As part of a Twitter trend in which users voiced their most controversial Marvel opinions, The_GM_Is_God dropped their personal hot take that “Post-credit scenes should just go back to teasing what’s in the next movie.” The opinion likely stems from many recent MCU end-credits sequences thinking further afield — e.g. Clea’s introduction in Doctor Strange in the Multiverse of Madness or Eros appearing in Eternals — resulting in endless waits for answers that have left fans frustrated.
As this tweeter reminds us, this is a far cry from how things used to be back in Phase One and Two, as most of the time they simply existed to set up the next film — think the Collector’s cameo at the end of Thor: The Dark World. Of course, you could argue that the MCU is so huge now, and is comprised of so many different strands, that this method doesn’t make sense anymore.

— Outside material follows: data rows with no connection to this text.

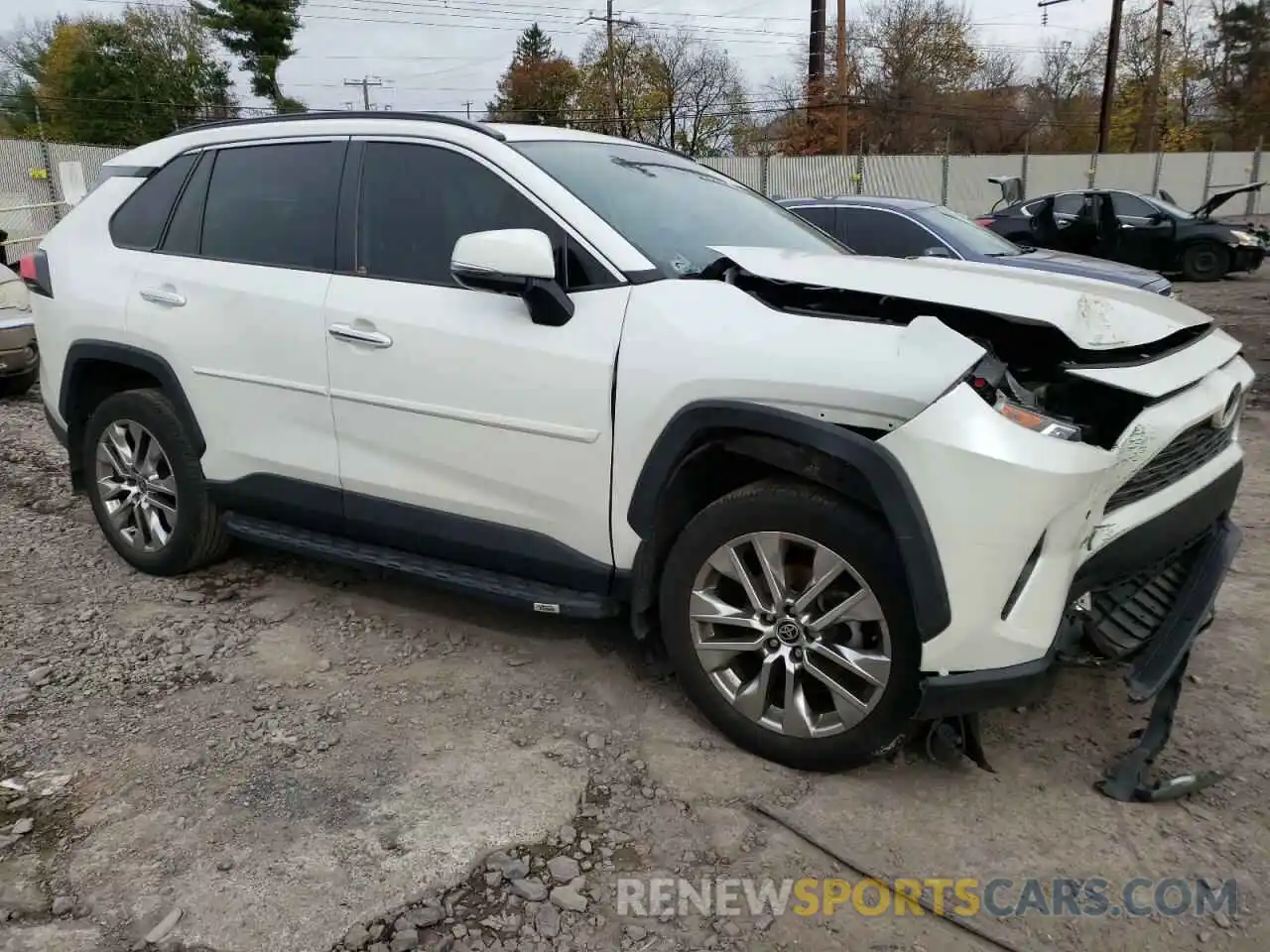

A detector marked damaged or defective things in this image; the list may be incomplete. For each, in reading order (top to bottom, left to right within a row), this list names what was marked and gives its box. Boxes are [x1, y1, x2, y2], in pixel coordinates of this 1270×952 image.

wrecked car in background [975, 175, 1264, 282]
crumpled hood [705, 246, 1208, 350]
broken headlight [959, 355, 1081, 444]
damaged front end [705, 247, 1249, 807]
detached bumper piece [1096, 523, 1244, 807]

In fact, that’s what one commenter put to the OP, debating that it wouldn’t make sense for, say, Ant-Man and the Wasp: Quantumania to tee up Guardians 3. To this the OP dropped another, perhaps even hotter, take: “If it doesn’t make sense to tease anything then just do fun joke ones.” Not the dreaded gag post-credits scenes!

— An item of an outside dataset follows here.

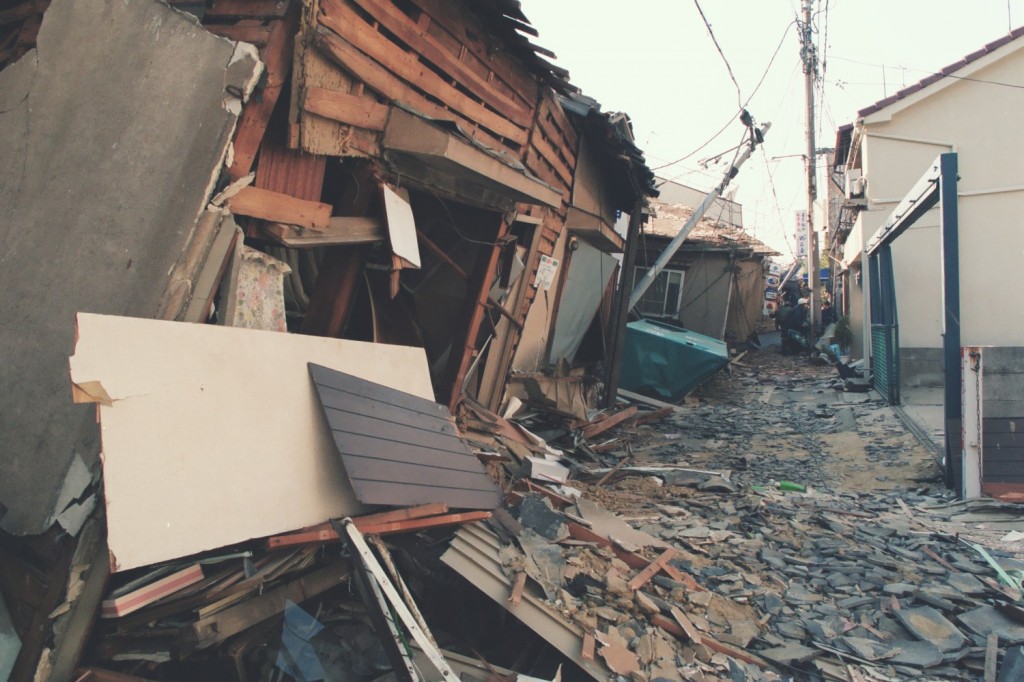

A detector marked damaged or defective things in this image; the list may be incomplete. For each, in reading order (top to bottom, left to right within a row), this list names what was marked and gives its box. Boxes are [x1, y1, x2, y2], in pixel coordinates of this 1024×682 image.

damaged exterior wall [0, 0, 260, 532]
snapped wooden beam [228, 185, 332, 230]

Others, meanwhile, went even harder on the current state of Marvel’s post-credits, with @JordanGarlandMI claiming that they “aren’t impactful anymore when they are expected in every movie.” In a similar vein, @RealComfyfren declared that the studio should “ban post credit scenes.”
To be fair, even the early days of the MCU still threw in the occasional long-term tease for Thanos’ emergence, so you can’t begrudge the Multiverse Saga the odd nod to Kang. But maybe Marvel shrinking its ambitions when it comes to its credits might be the way to go for the most part.